Take from the entries below the stretch from the line with "Used 2019 Nissan Rogue SL image 48" through the line with "Boneco Hasbro Star", and return it exactly, leaving the pictures out.

(Dataset Opens)

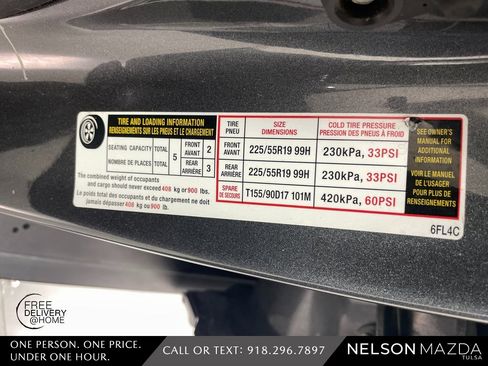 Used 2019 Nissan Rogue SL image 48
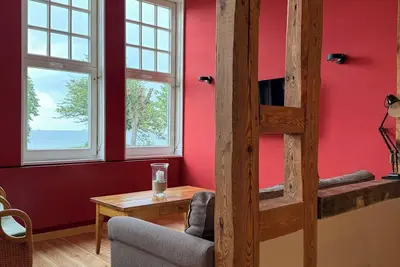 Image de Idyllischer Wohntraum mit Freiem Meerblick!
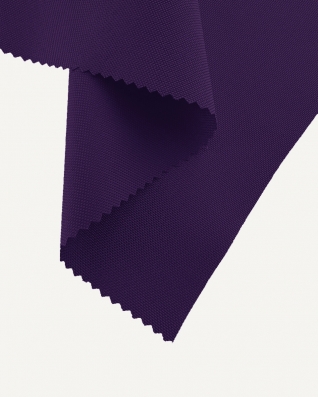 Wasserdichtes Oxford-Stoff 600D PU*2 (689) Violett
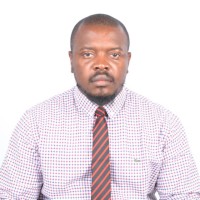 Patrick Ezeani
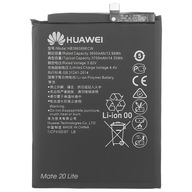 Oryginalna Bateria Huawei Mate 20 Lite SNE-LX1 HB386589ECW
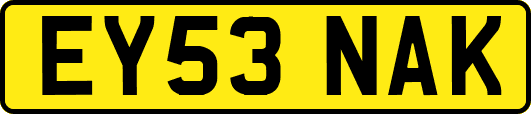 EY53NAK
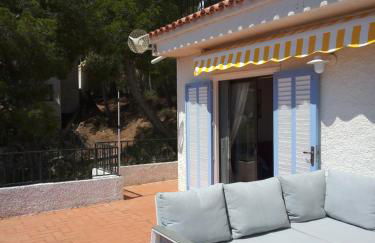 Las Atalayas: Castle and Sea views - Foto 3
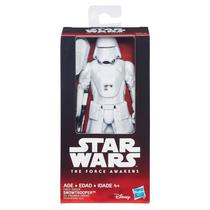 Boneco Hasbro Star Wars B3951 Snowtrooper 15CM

(Dataset Closes)
(Dataset Opens)

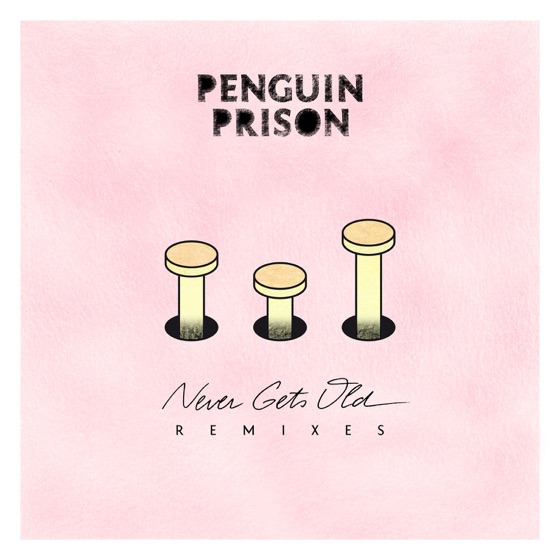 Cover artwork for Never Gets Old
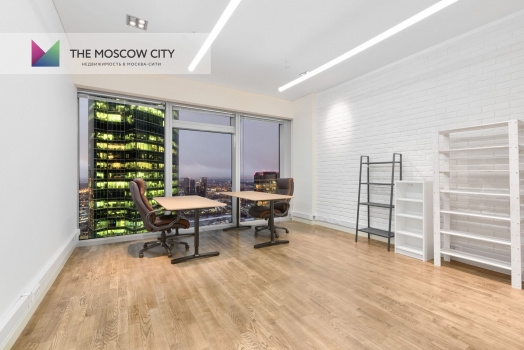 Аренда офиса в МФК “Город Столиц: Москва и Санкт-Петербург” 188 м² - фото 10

(Dataset Closes)

_Response to the exercise_:
 Used 2019 Nissan Rogue SL image 48
 Image de Idyllischer Wohntraum mit Freiem Meerblick!
 Wasserdichtes Oxford-Stoff 600D PU*2 (689) Violett
 Patrick Ezeani
 Oryginalna Bateria Huawei Mate 20 Lite SNE-LX1 HB386589ECW
 EY53NAK
 Las Atalayas: Castle and Sea views - Foto 3
 Boneco Hasbro Star Wars B3951 Snowtrooper 15CM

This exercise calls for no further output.